Il neocentralismo regionale ha creato delle isole burocratiche nel Mezzogiorno, per cui esiste una questione campana, una questione pugliese, una questione calabrese, una questione Basilicata e una questione siciliana. E, quindi, non si può più schematizzare. Bisogna uscire dai vecchi schemi ed intervenire con strumenti diversificati, flessibili e complementari. Abbiamo di fronte, in poche parole, una nuova questione meridionale.
Il ministro Tremonti ha indicato un percorso, che potrebbe essere efficace, se superasse, appunto, la schematizzazione del passato: il percorso delle risorse che restino sul territorio; il percorso di una progettualità che venga dal centro, dal CNR. Cosa significa questo: Banca del Sud, CNR? Il riferimento di carattere nazionale appare al ministro l’unica alternativa. Praticamente, mi chiedo, si tratta di un ritorno alle origini? Tutto ciò, proprio a causa delle Regioni meridionali, che, con il loro neocentralismo, si sono chiuse in se stesse, come apparati autoreferenziali, come burocrazie fameliche e non sono riuscite neppure a dialogare, a progettare e a realizzare connessioni operative tra di esse.
Questo è l’altro aspetto negativo della nuova questione meridionale. Mentre le Regioni del Nord hanno mostrato una capacità di intesa, di coordinamento e di programmazione, che le rende più affini e omogenee nelle progettazioni e nelle realizzazioni interregionali, le Regioni del Sud non hanno mostrato di avere neppure questa capacità. Ciascuna per proprio conto. Quanti e quali dei grandi progetti per il Mezzogiorno sono stati realizzati dalle Regioni del Mezzogiorno nel loro insieme?
Il neocentralismo e la mancanza di coordinamento tra le Regioni del Sud rinviano al problema dei problemi: la classe dirigente meridionale.
Lo ha detto l’amico e collega Ferrara. Non possiamo non affrontare e sciogliere, preliminarmente, questo nodo. Ne dobbiamo discutere fino in fondo. Un partito nazionale non può affrontare solo il problema del candidato governatore o presidente. Il rinnovamento e la trasparenza della classe dirigente, nel suo insieme, nelle diverse Regioni del Sud, sono diventati passaggi strategici per la soluzione della nuova questione meridionale. Altrimenti ci creiamo altri alibi, per non affrontare, a monte, l’aspetto politico.

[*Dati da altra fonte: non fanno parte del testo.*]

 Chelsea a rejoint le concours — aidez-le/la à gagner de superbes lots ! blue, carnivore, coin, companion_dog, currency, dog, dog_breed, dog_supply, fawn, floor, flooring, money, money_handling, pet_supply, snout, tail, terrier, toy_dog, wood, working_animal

Un grande partito nazionale, l’unico partito nazionale – perché il nostro è l’unico partito veramente nazionale! – non può rinunciare, quindi, a porsi, da subito, la dimensione etico-politica della nuova questione meridionale, come enunciava Ferrara.
La soluzione della nuova questione meridionale passa, direttamente, dal rinnovamento della classe dirigente locale, che dovrà rinunziare al gattopardismo, al familismo e alle concentrazioni di potere personale del passato. Solo così sarà edificato anche un adeguato antemurale alle infiltrazioni della criminalità organizzata e di quella borghesia mafiosa, la zona grigia, che attendono in agguato il fiume di risorse economiche, destinate allo sviluppo del Mezzogiorno.